Friday, July 17, 2009

Big Blow and Big Thing

"We do not see the sort of fundamental changes that would be necessary to reduce the trajectory of federal health spending by a significant amount," Douglas Elmendorf, director of the Congressional Budget Office, told the Senate Budget Committee. "On the contrary, the legislation significantly expands the federal responsibility for health-care costs," he added.

Gregg Hitt, “Budget Blow for Health Plan: Congress’s Chief Fiscal Watchdog Warns of Overhaul’s Cost; Ammunition for Critics,: Wall Street Journal, July 17, 2009

Well, I’m happy to see the director of Congressional Business Office has come to an obvious conclusion that I share. In Obama, Doctors, and Health Reform (I Universe, 2009, available at,, and, had this to say,

“I only know one thing- and it’s a big thing. In the words of Archilochus, a seventh B.C. sage, “The fox knows many things, but the hedgehog knows one great thing.” Doctors are hedgehogs. Physicians are close to the ground in the clinical trenches. They know it’ll be impossible to superimpose a single-payer system on the current system – without radically changing the payment system, rationing, and expending trillions of dollars more.”

As a hedgehog, I know these little things contribute to the one big thing.

• The House and Senate bills do little or nothing to control costs, indeed, adding 46 million to the federal rolls guarantees higher cost.

• Without cost control, government entitlement programs always cost more and a lot more.

• The suggested means of controlling costs – prevention, electronic medical records, and coordinated care – are unproven means of cost control.

• Medicare and Medicaid expenses are increasing 34% faster than the private sector, shredding the argument that government has lower administrative costs.

• Government has only two fundamental means of controlling costs – paying providers less and rationing.

• Other cost controls being suggested - consolidation of physicians into groups and networks, paying hospitals and doctors for total care or episodes, and for managing population or panels of patients - are capitation revisited and have failed in the past.

• Increased costs in American health care compared to other nations are mainly due to superior technologies, demand for prompt access to these technologies, restoration of older Americans to full function through cataracts, joint replacements, and heart-related devices, cultural factors such as one of every five Americans being a recent immigrants, the American malpractice climate – not to physician greed or overtreatment or end of life care.

• The moral obligation arguments that the uninsured represent a moral blight on American has marginal merit but often falls apart when one examines who makes up the uninsured.

• The best means of controlling costs are;

- to give Americans and their families a given and generous amount of tax-free money to spend on health care;

- subsidize the poor and those unable to pay at reasonable levels;

- treat health consumers as responsible, intelligent people capable of making decisions about spending their own money;

- minimize interference by third parties, including Medicare and Medicaid, into doctor-patient interactions;

- foster market innovations such as retail clinics, worksite clinics, cash-only and concierge practices which minimize overhead and have predictable pricing;

- introduce universal catastrophic insurance to assure that no Americans goes bankrupt from health costs;

- have universal tort reform with caps on awards for medical injuries;

- put to rest the notion that a top-down bureaucracy can control costs, rationalize care, and micromanage all patient-doctor interactions without input by patients and doctors.

1 comment:

John said...

The Kaiser Family Foundation provides a ten-page PDF document comparing and summarizing the Senate and House versions of the health care reform proposals.

Do not believe anything you read or hear about this plan until you have done your own homework.

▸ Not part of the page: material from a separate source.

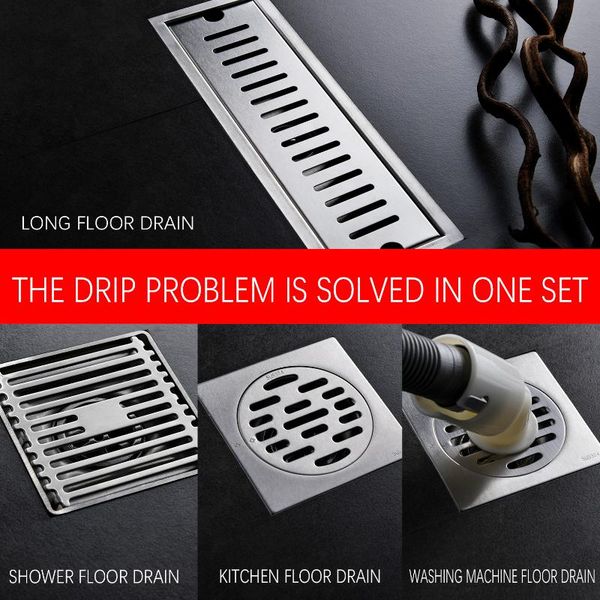 

other bath & toilet supplies 304 stainless steel floor drain square bathroom shower waste drainer 10cm kitchen double anti-odor grate cover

The link is at the top of the screen, above the now obsolete plans that also appear below.

(I have not studied these two most recent permutations of the half-dozen or two that were introduced at the start of the session. My printer is not available at the moment, but when I finish leaving this link a few places I will go to the library where I can make myself a copy to study.)

Dr. Reece is probably correct that there is nothing to control costs. There never has been from the 1930's when Blue Cross and Blue Shield became the first group insurance plans in the country. The only way that they were permitted to come into existence was the understanding that there would not be any government controls on physician charges. The country was at the time recovering from the price controls of the Great Depression and the AMA, which opposed both the Blues, only relented in return for an agreement that there be no price controls.

Nothing has changed since then, which is one of the main reasons for the excessive costs of health care today.